Exercise details — Leave out any picture and return the remaining listing below exactly as given.

____ Supplied data

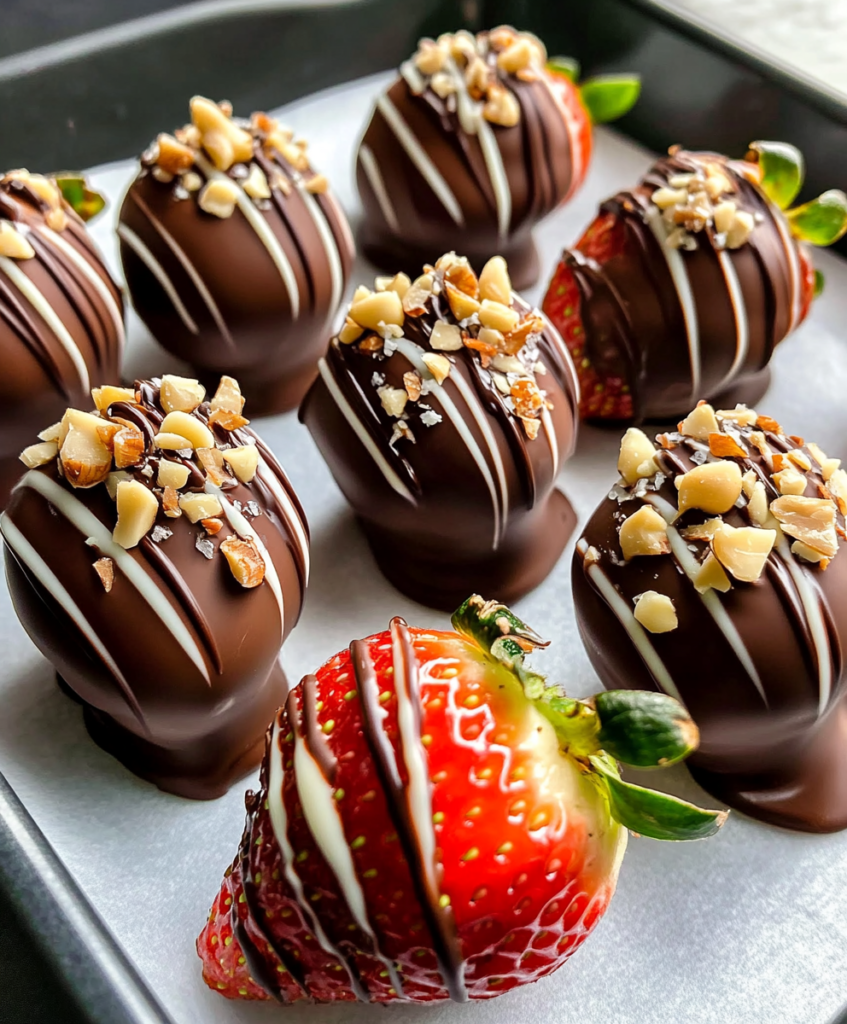 Chocolate Covered Strawberries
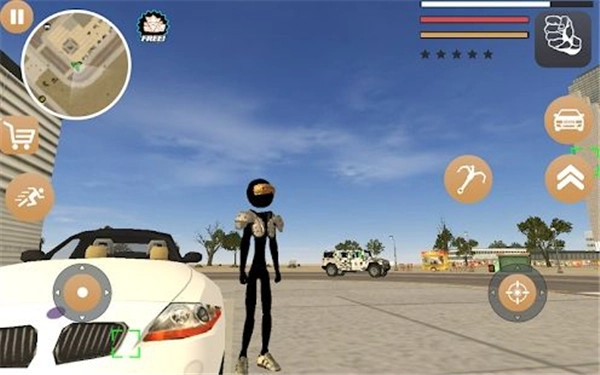 火柴人绳索英雄2老版(2)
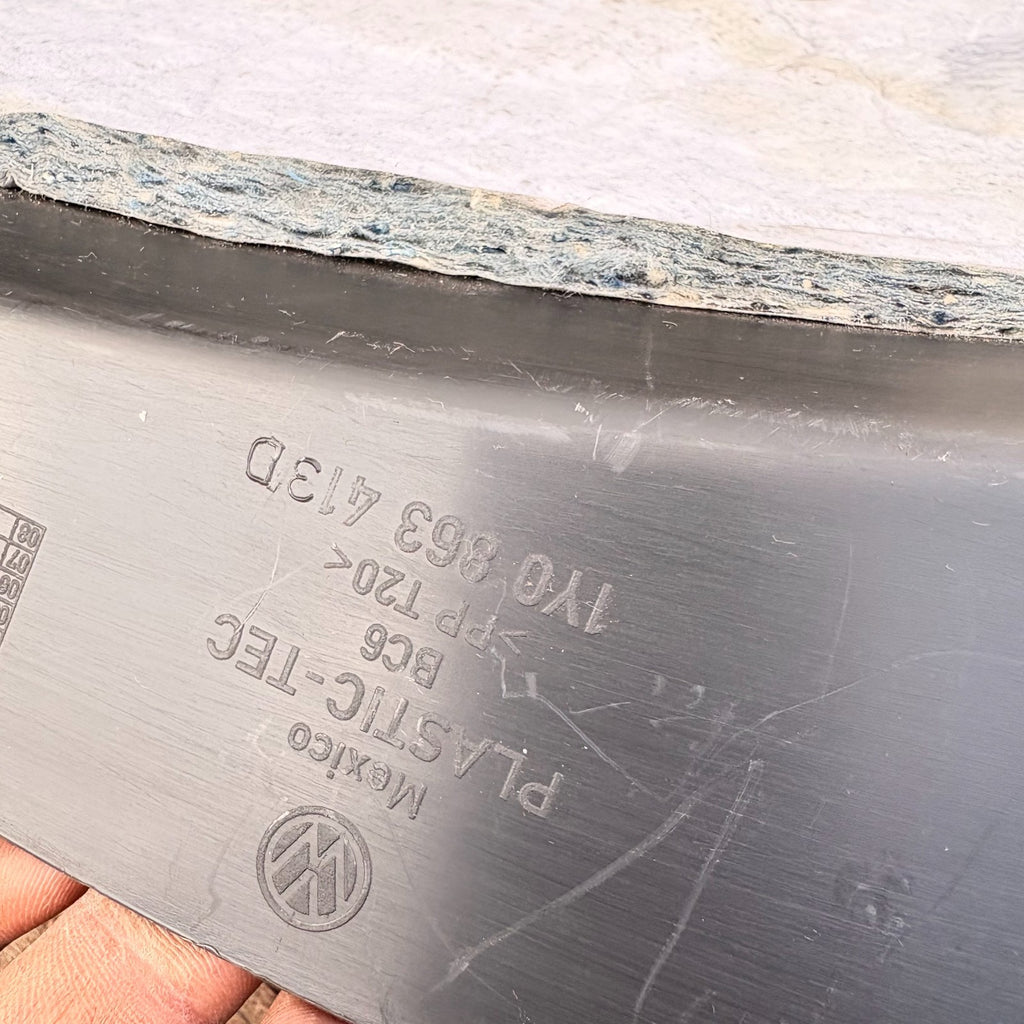 VW Beetle Luna Rear Boot Shelf Trim 1Y0863413D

________

Answer to the exercise —
 Chocolate Covered Strawberries
 火柴人绳索英雄2老版(2)
 VW Beetle Luna Rear Boot Shelf Trim 1Y0863413D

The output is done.